Maria the Ghost sporadically nattered on with John in bright, liquid French. John was multilingual, which surprised me for some reason. They seemed easy together. Old friends? Current lovers? Couldn't get a read. I made up dramatic scripts in my head, in which John flew over the Atlantic to sweep Maria off her feet in the shadow of the Eiffel Tower and the two of them ran around Europe getting into wacky, farcical mistaken-identity bedroom adventures.

Hey, I was bored.

Three and a half hours later, the Lexus made a right turn off the highway, and I started seeing signs of damage. We were entering the area where Tropical Storm Walter had blown in two nights ago. It had been a
really
bad hurricane season, and even though we were winding down, nobody felt very secure about it. The damage was mostly superficial, it looked like—shredded palm fronds, blown-down fences, the occasional busted sign or toppled billboard. Cleanup crews were out. Power had already been restored, for the most part. The beach looked clean and fresh, and the surf curled its toes in calm little foaming wavelets over the sand.

We drove about another fifteen minutes, and then John pointed off to the left. Maria slowed the Lexus, and we passed a partially downed sign with construction information on it.
PARADISE COVE
, it proclaimed, presented by Paradise Kingdom LLP. With a whole bunch of subcontractors, like the special effects cast of a big-budget movie. The artist's rendering on the sign was of a hotel about fifteen stories tall, avant-garde in shape.

It was a hell of a lot more avant-garde now, because what lay behind the sign was a mass of twisted metal and slumping lumber. Looked like a war zone. Construction materials had been scattered around like Legos after playtime for the emotionally disturbed.

Maria put the Lexus in park.

All three of them looked at me.

“What?” I asked. I was honestly puzzled.

“Tell us what you know about this,” John said.

“Well, I'm no expert, but I'd have to say that between this and the Motel 6 down the road, I'd have to choose the Motel 6 . . .”

“I'm serious.”

“Hell, John, so am I! What do you want me to say? It looks trashed.” I suddenly had a flash. It wasn't a pleasant one. “This is what they were talking about on the news. The freak damage from Tropical Storm Walter.”

“This is it.”

“Okay . . . and you think I know about it because . . . ?” They all exchanged looks, this time. Nobody spoke. I rolled my eyes and said it for them. “Because you think I did this. Grow up, guys. Why would I? The Wardens have made it really clear that if I screw around with the weather, somebody like good old Shirl here will come around and put me on Drool Patrol. I mean, I don't really like the architectural styling, but I don't feel that passionate about buildings.”

Predictably, it was John who jumped in. “Right at the present time, there are fewer than ten Wardens in Florida,” he said. “Somebody directed the storm. We recorded the shift.”
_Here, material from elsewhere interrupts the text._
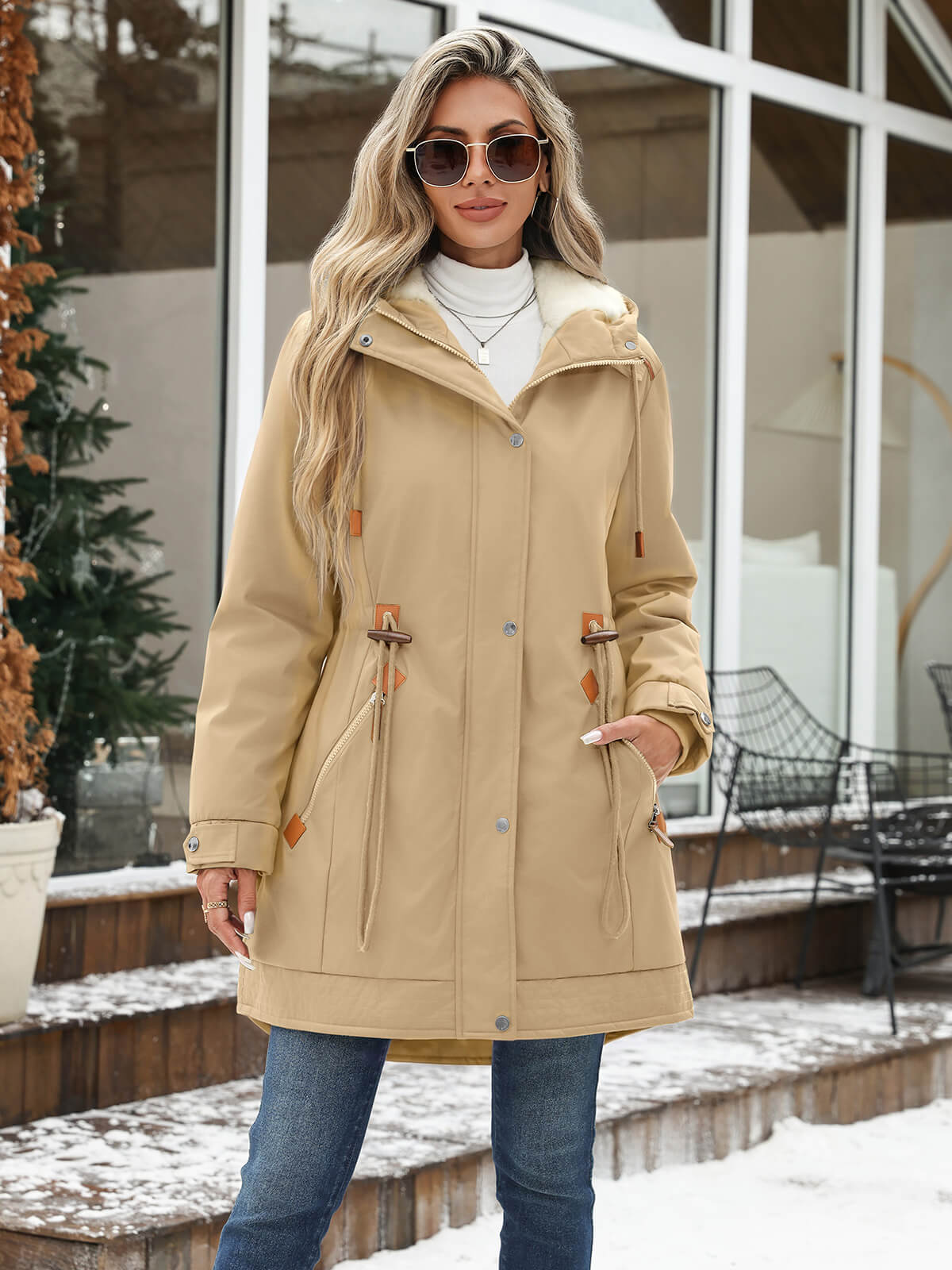 HEEKPEK Fleece-Lined Hooded Parka Jacket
“Well, talk to the hand, because it wasn't me.”

Another significant look that didn't include me. John said, “Are you sure that's your answer, Jo?”

“Hell yes, I'm sure. And you're starting to piss me off with this crap, John. Why would I do a thing like this? Why would I risk it, first of all, and why would I pick on this particular section of coast?”

“It's close to where Bob Biringanine's home once stood,” Maria the French Ghost observed.

“So, what, I have a grudge against a dead man? Don't be ridiculous.”

I was starting to sweat. I mean, this wasn't usual behavior from Wardens. Suspected offenders got questioned, but usually by auditors, and rarely triple-teamed like this. I was starting to feel a little bit like some poor Mafioso taking a tour of the New Jersey dump, right before he joins the great cycle of composting.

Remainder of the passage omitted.